What Qemu/kvmtool do with this is up to them. If they're emulating a machine
with no RAS features, printing an error and exit.
Otherwise BUS_MCEERR_AR could be notified as one of the flavours of IRQ, unless
the affected vcpu has interrupts masked, in which case an SEA notification gives
you some NMI-like behaviour.
For BUS_MCEERR_AO you could use SEI, IRQ or polled notification. My choice would
be IRQ, as you can't know if the guest supports SEI and it would be a shame to
kill it with an SError if the affected memory was free. SEA for synchronous
errors is still a good choice even if the guest doesn't support it as that
memory is still gone so its still a valid guest:Synchronous-external-abort.
[...]
>>> 1. Let us firstly discuss the SEA and SEI, there are different workflow for the two different Errors.
>> user-space can choose whether to use SEA or SEI, it doesn't have to choose the
>> same notification type that firmware used, which in turn doesn't have to be the
>> same as that used by the CPU to notify firmware.
>>
>> The choice only matters because these notifications hang on an existing pieces
>> of the Arm-architecture, so the notification can only add to the architecturally
>> defined meaning. (i.e.
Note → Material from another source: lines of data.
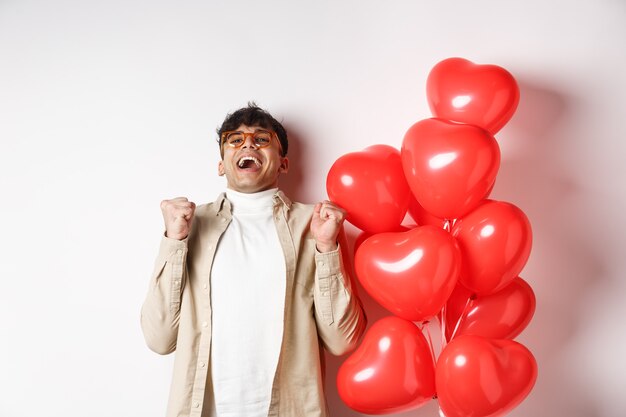 San Valentino. Felice uomo moderno che celebra, urla di gioia e felicità, ha appuntamento con l'amante, è innamorato, in piedi vicino a palloncini a cuore su sfondo bianco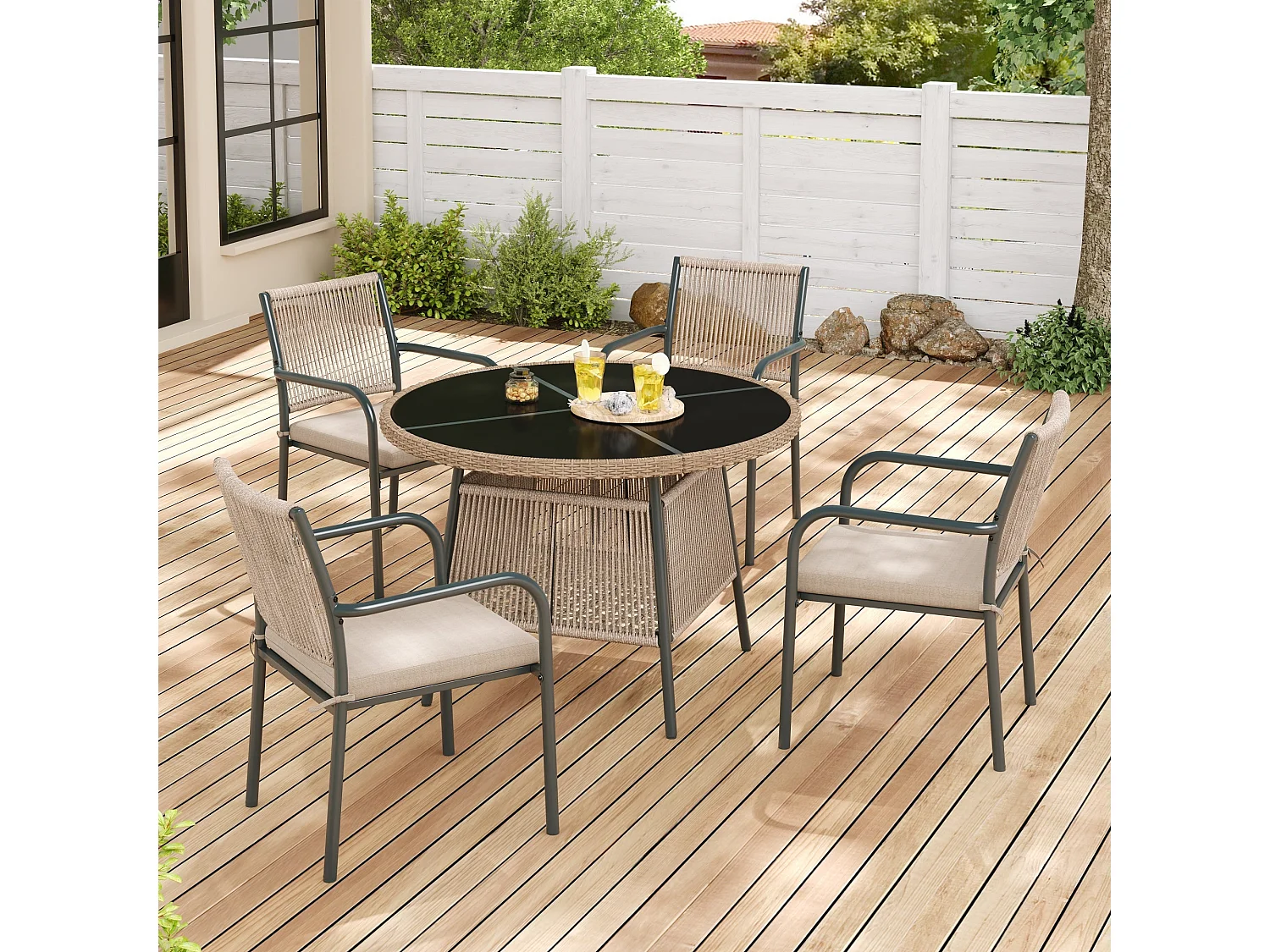 Salle à Manger de Jardin 5 Pièces – Table Ronde Verre Trempé + 4 Fauteuils – Structure Fer – Rotin PE – Coussins Inclus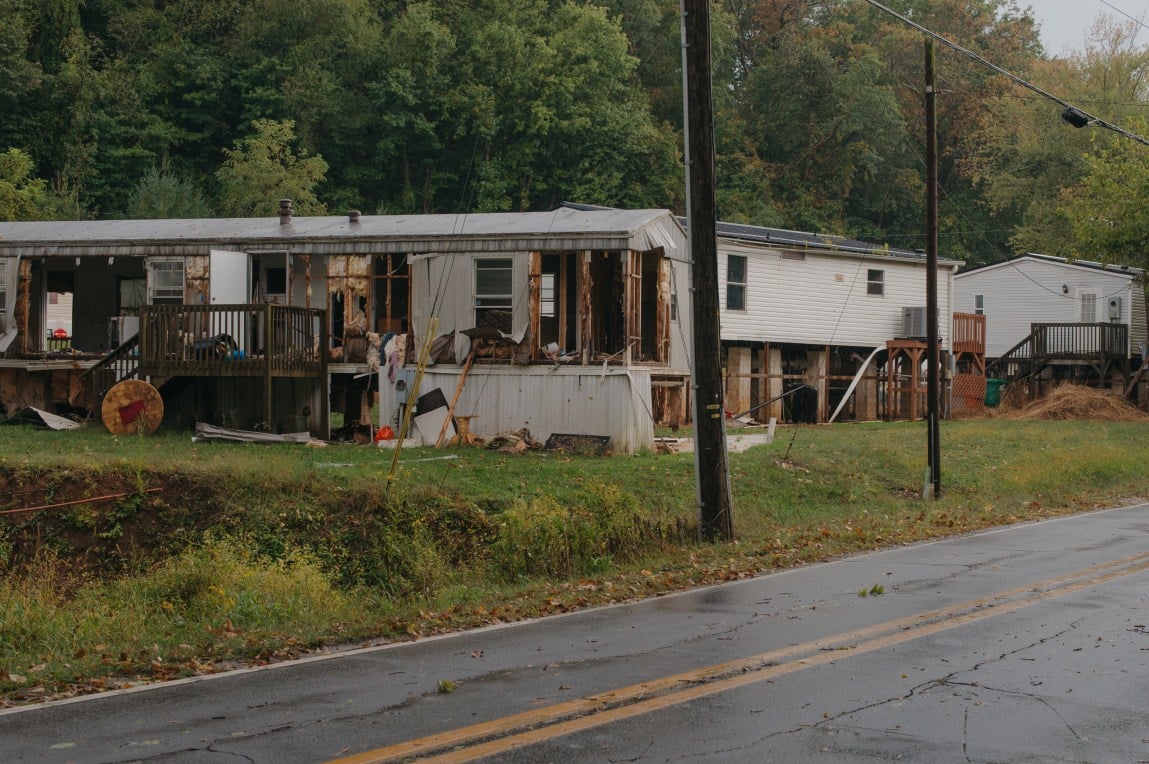 Several trailer homes that are missing walls and surrounded by debris.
You can only send an SEA for something that can already
>> be described as a synchronous external abort).
>>
>> Once we get to user-space, for memory_failure() notifications, (which so far is
>> all we are talking about here), the only thing that could matter is whether the
>> guest hit a PG_hwpoison page as a stage2 fault. These can be described as
>> Synchronous-External-Abort.
>>
>> The Synchronous-External-Abort/SError-Interrupt distinction matters for the CPU
>> because it can't always make an error synchronous. For memory_failure()
>> notifications to a KVM guest we really can do this, and we already have this
>> behaviour for free. An example:
>>
>> A guest touches some hardware:poisoned memory, for whatever reason the CPU can't
>> put the world back together to make this a synchronous exception, so it reports
>> it to firmware as an SError-interrupt.
>
>> Linux gets an APEI notification and memory_failure() causes the affected page to
>> be unmapped from the guest's stage2, and SIGBUS_MCEERR_AO sent to user-space.
>>
>> Qemu/kvmtool can now notify the guest with an IRQ or POLLed notification. AO->
>> action optional, probably asynchronous.
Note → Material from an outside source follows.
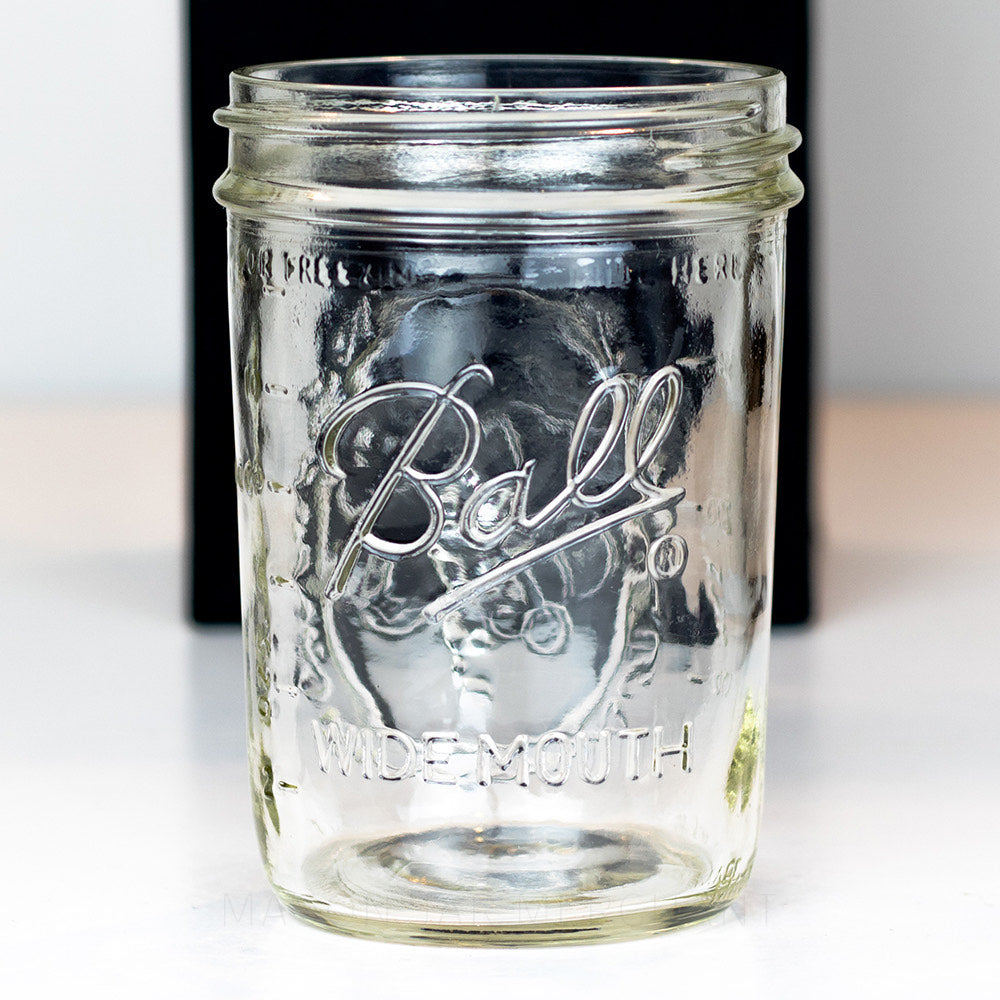 A close up of a Wide mouth pint Ball mason jar against a white background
> If so, in this case, Qemu/kvmtool only got a little information(receive a SIGBUS), for this SIGBUS,
> it only include the SIGBUS_MCEERR_AO, error address. not include other information,
> only according the SIGBUS_MCEERR_AO and error address, user space does not know whether to use IRQ or POLLed notification.
The kernel can't tell it which to use: user space has to decide. This has to be
a property of the machine you are emulating, not the machine you happen to be
running on.
What happens if the notification came using a future notification type that user
space doesn't know about.
What if user space does know about this type, but the guest doesn't.
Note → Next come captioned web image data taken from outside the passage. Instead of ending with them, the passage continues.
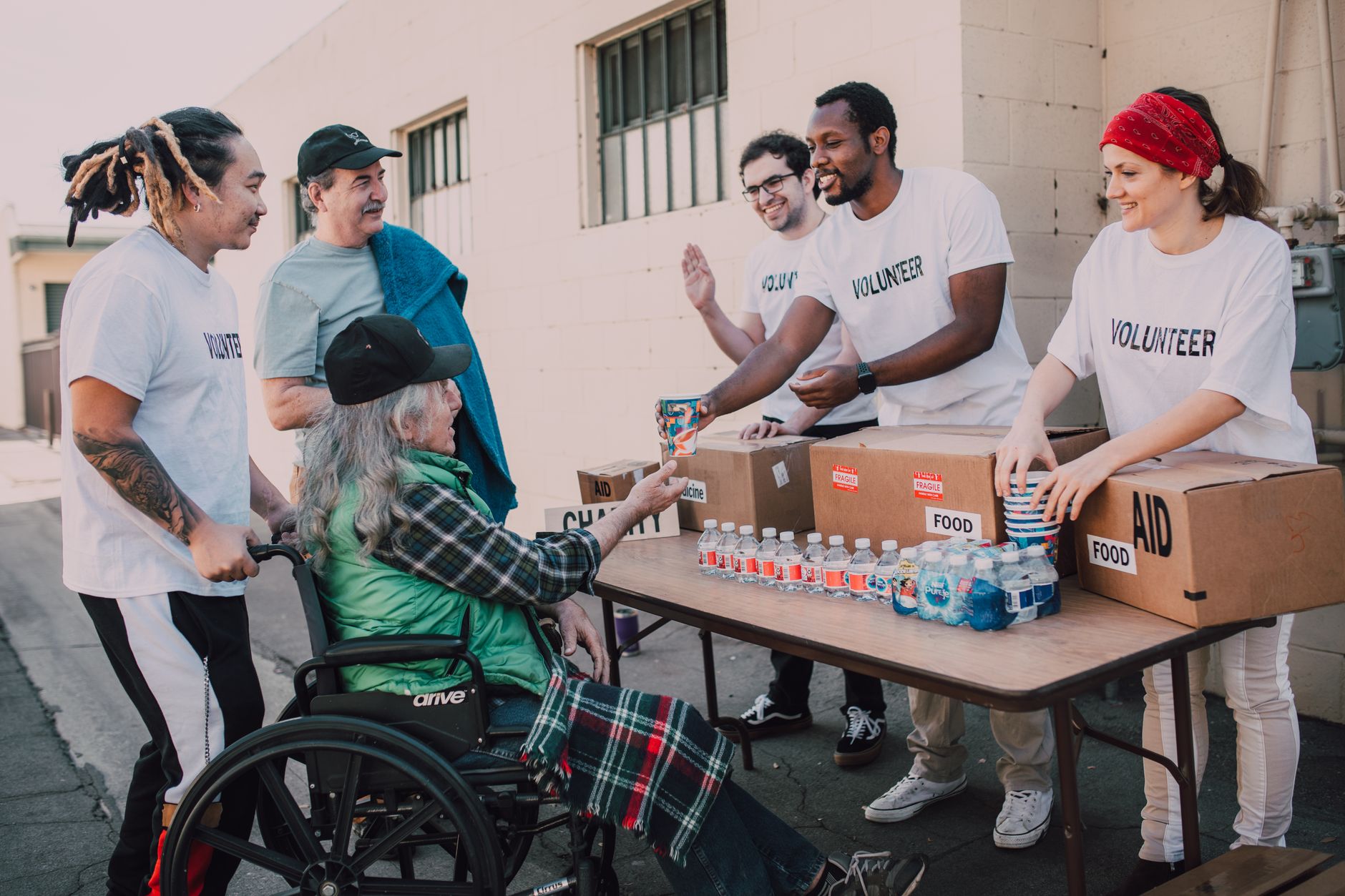 A photo of a billionaire philanthropist at a charity event, highlighting their social contributions. — billionaires debate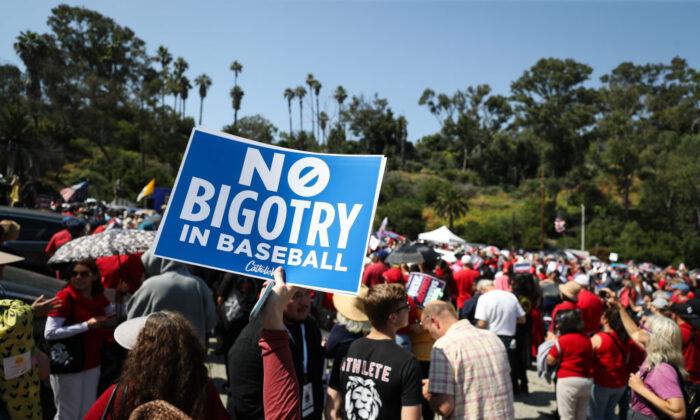 Protesters hold signs at a Catholics for Catholics event in response to the Dodgers' Pride Night event including the Sisters of Perpetual Indulgence on June 16, 2023. (Meg Oliphant/Getty Images)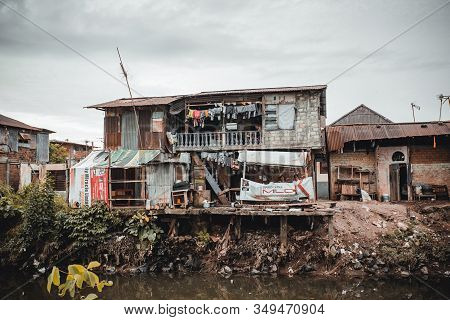 Manado, North Sulawesi, Indonesia - August 3, 2015: View Of A Ghetto By A River With Pollution, The 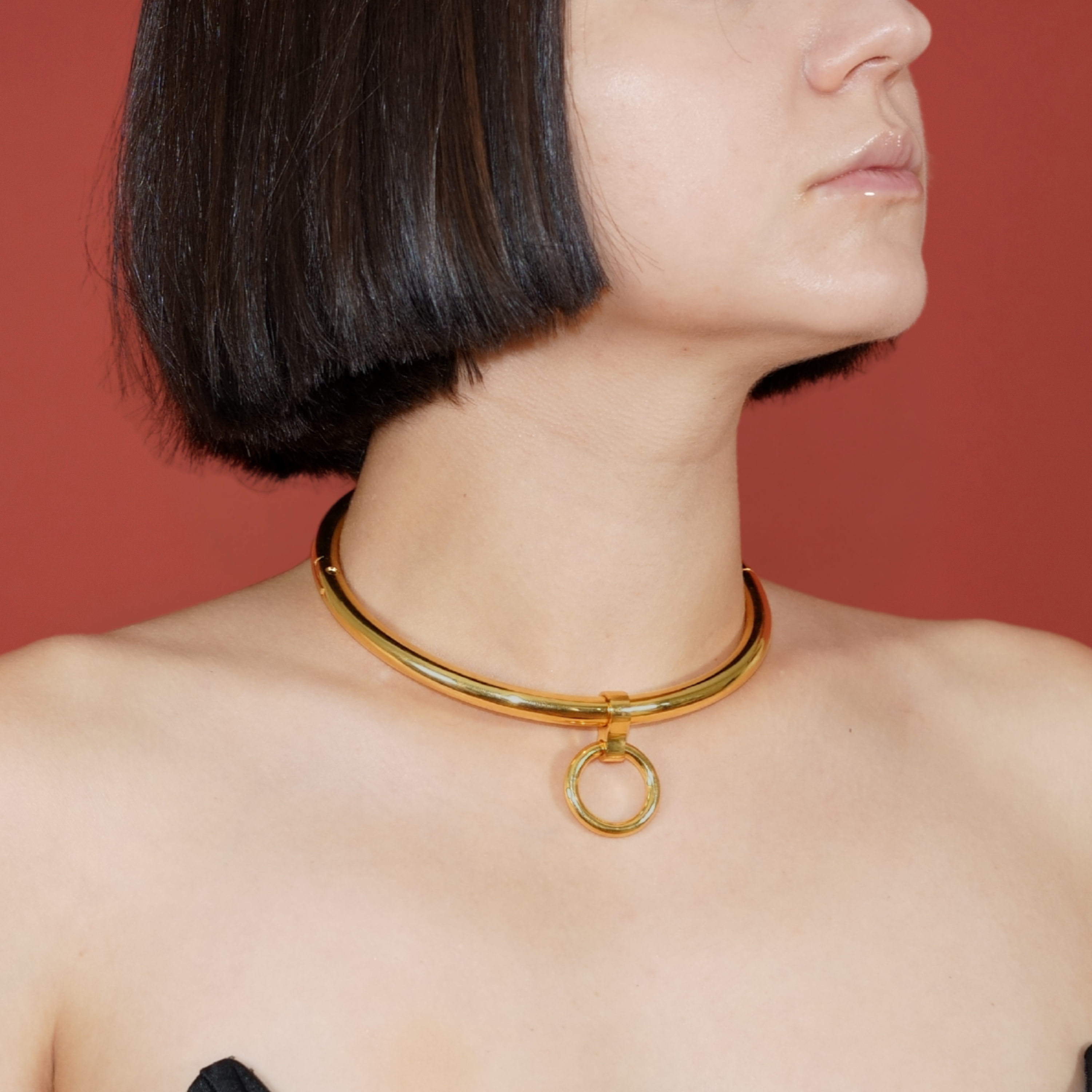deSade gold round day collar worn on a model's neck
What if you migrate to a machine that uses a new notification type that you
didn't advertise to the guest via the HEST at boot time.
These dependencies have to break somewhere, and the right place is between the
host kernel and host user-space. This way whatever Qemu/kvmtool do will work in
the above 'what-ifs'.
> for example, SIGBUS_MCEERR_AO means asynchronous access, user space can use SEI, IRQ or POLLed notification.
> so user space will be confused to use which method.
There isn't a wrong choice here. I suggest always-use-IRQ. Its faster than
POLLed, but won't kill a guest that doesn't support NOTIFY_SEI.
> I think if we use such solution, user space only judging SIGBUS_MCEERR_A* is not enough.
> how we provide other extra information to let it choose the proper notification?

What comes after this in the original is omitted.